EXERCISE INSTRUCTIONS:
Print the records exactly as written, and let no picture into the answer.

MATERIAL FOR THIS TASK:
========
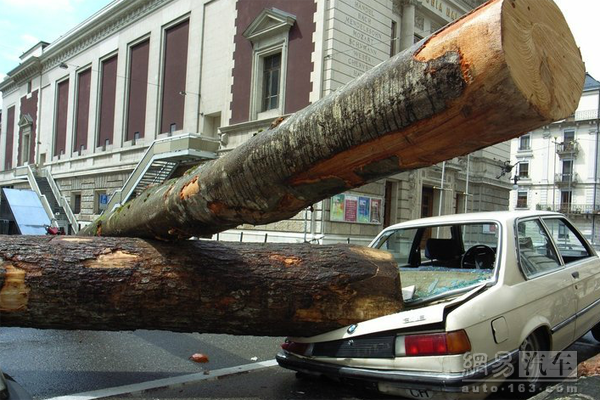 No zuo no die �⼸����Ϊ�ڸ����ϵ�����ɱ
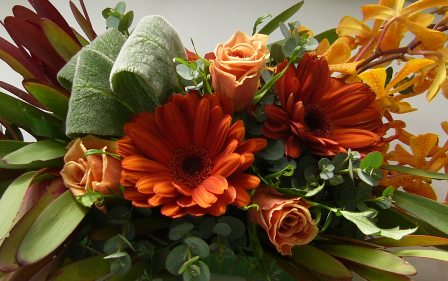 ホリゾンタル　アップ　砂川さん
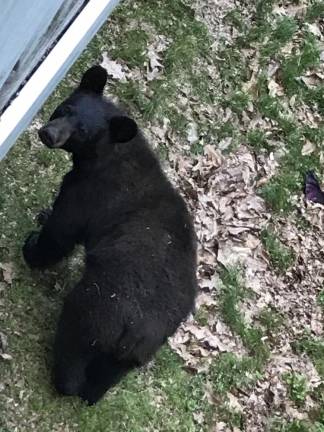 Locals bear with it David Sakla caught this bear walking around his home in Monroe, N.Y.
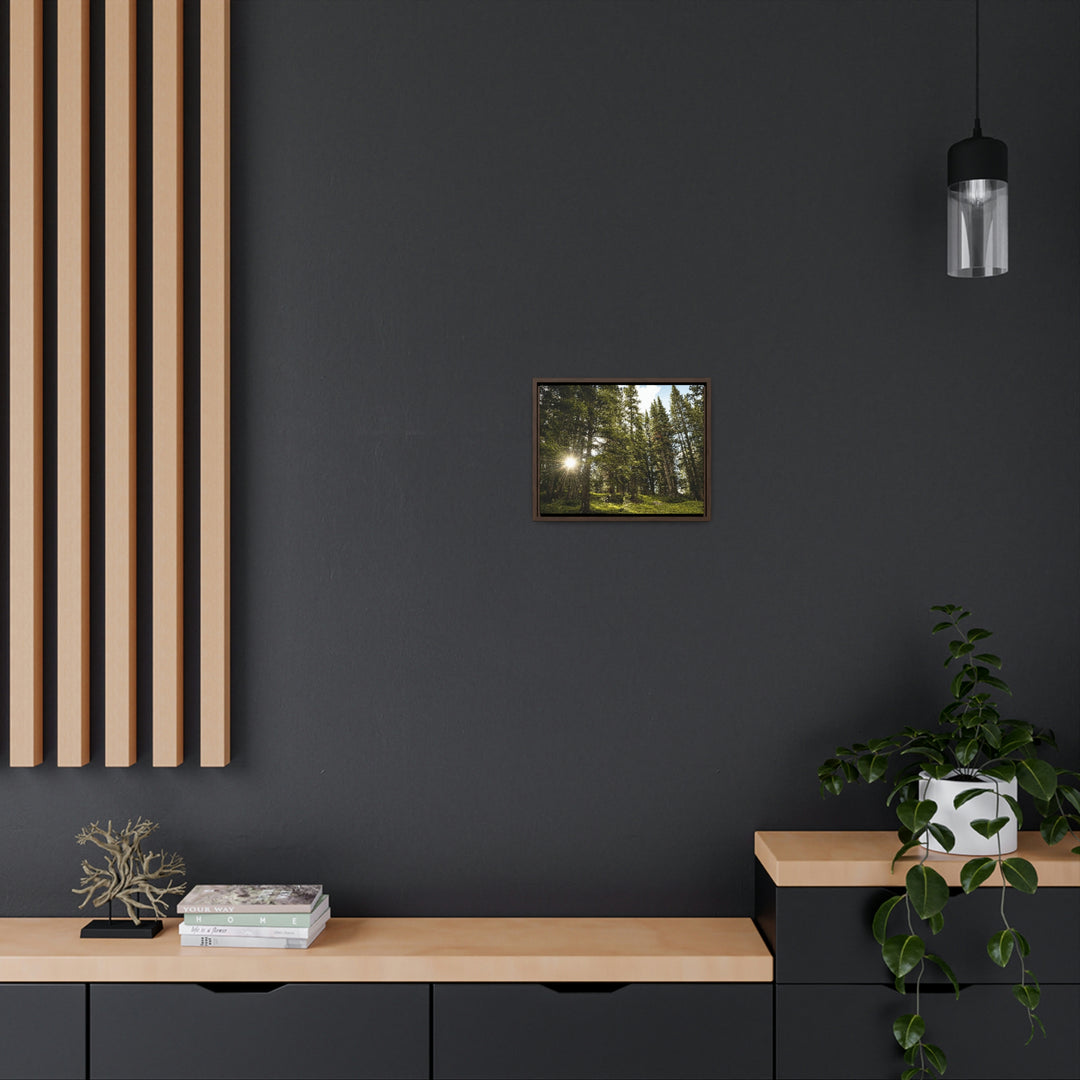 Forest Light - Canvas with Frame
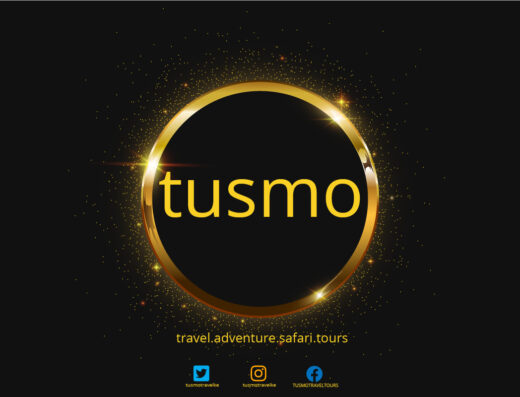 Tusmo Travel Tours And Cargo Limited showing its designed name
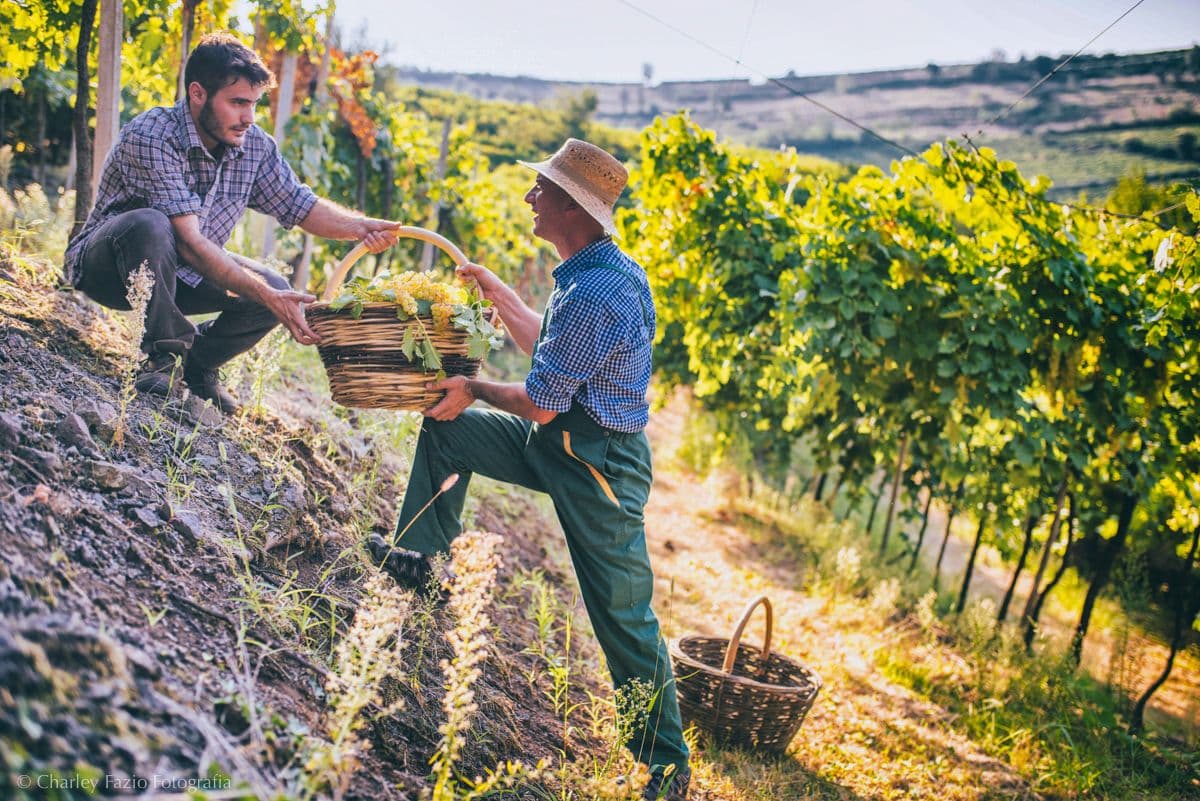 Sarah Abbott MW: the time is right to re-think your Soave range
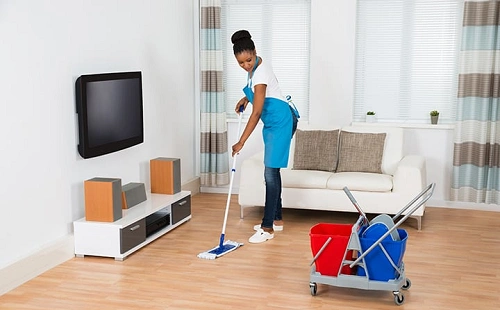 Cleaning and Home Services Business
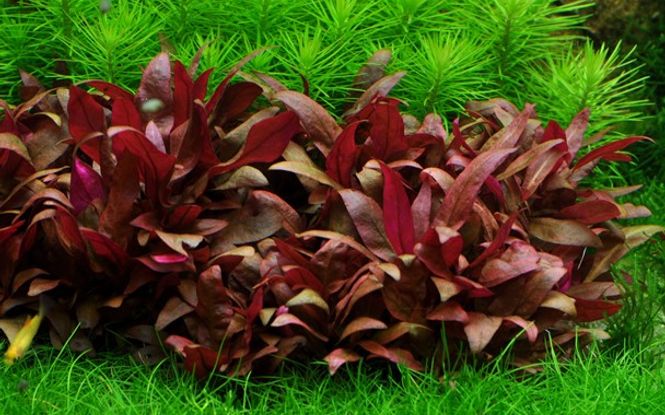 Hovedbilde Alternanthera reineckii  mini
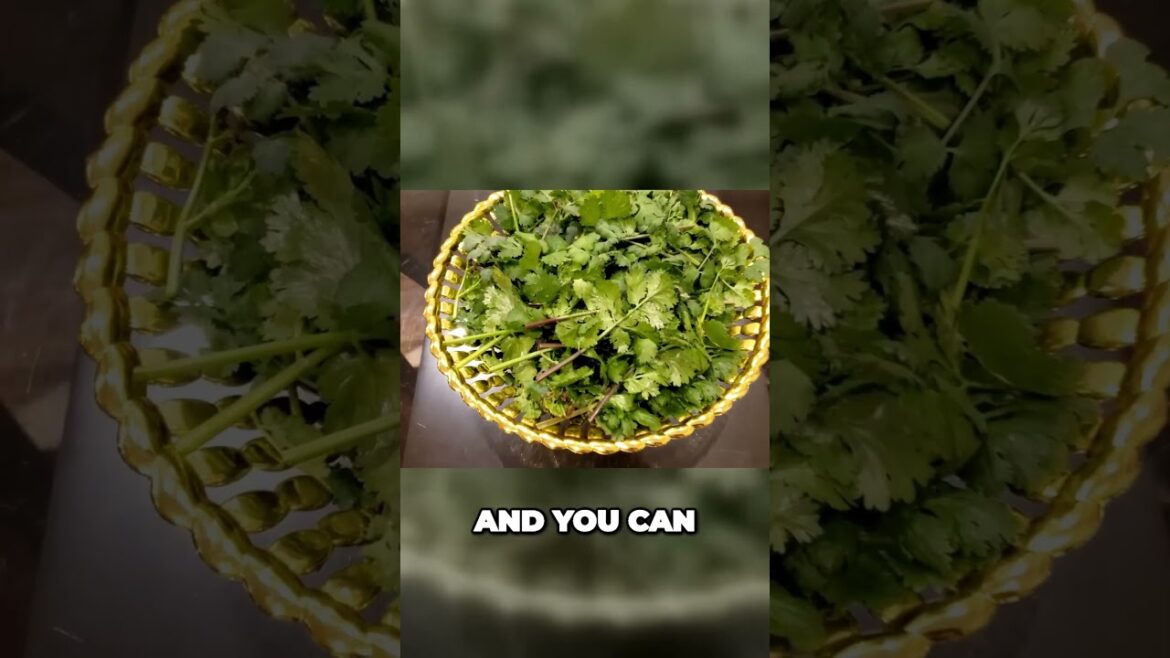 California Gardening: Fall Flavor Unlocked: Expert Guide to Vibrant Cilantro | Shorts Fall Flavor Unlocked: Expert Guide to Vibrant Cilantro | Shorts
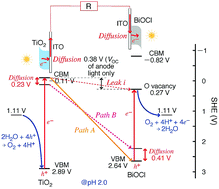 Graphical abstract: A solar cell for maximizing voltage up to the level difference of two photocatalysts: optimization and clarification of the electron pathway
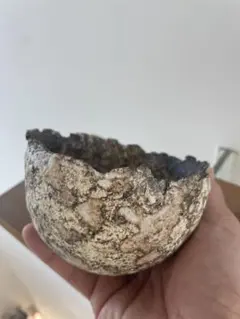 2025年最新】たけろうポットの人気アイテム - メルカリ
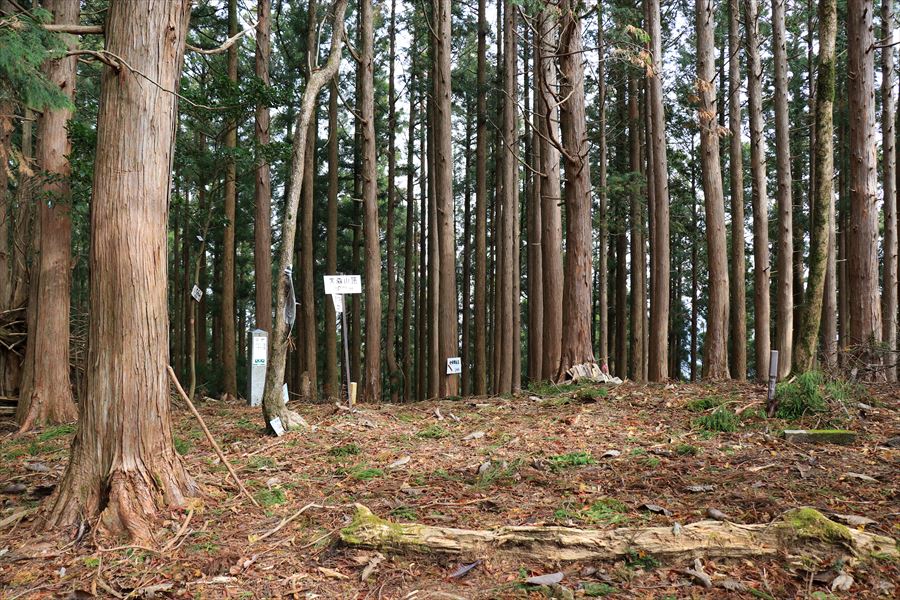 f:id:SISIS:20191130213634j:plain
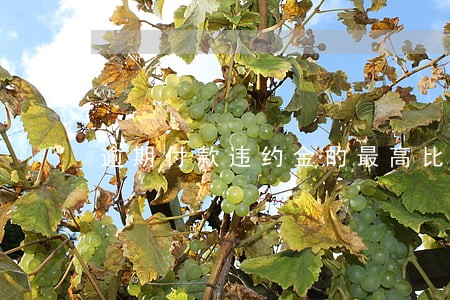 逾期付款违约金的最高比例 逾期付款违约金的最高比例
========
TASK ANSWER:
 No zuo no die �⼸����Ϊ�ڸ����ϵ�����ɱ
 ホリゾンタル　アップ　砂川さん
 Locals bear with it David Sakla caught this bear walking around his home in Monroe, N.Y.
 Forest Light - Canvas with Frame
 Tusmo Travel Tours And Cargo Limited showing its designed name
 Sarah Abbott MW: the time is right to re-think your Soave range
 Cleaning and Home Services Business
 Hovedbilde Alternanthera reineckii  mini
 California Gardening: Fall Flavor Unlocked: Expert Guide to Vibrant Cilantro | Shorts Fall Flavor Unlocked: Expert Guide to Vibrant Cilantro | Shorts
 Graphical abstract: A solar cell for maximizing voltage up to the level difference of two photocatalysts: optimization and clarification of the electron pathway
 2025年最新】たけろうポットの人気アイテム - メルカリ
 f:id:SISIS:20191130213634j:plain
 逾期付款违约金的最高比例 逾期付款违约金的最高比例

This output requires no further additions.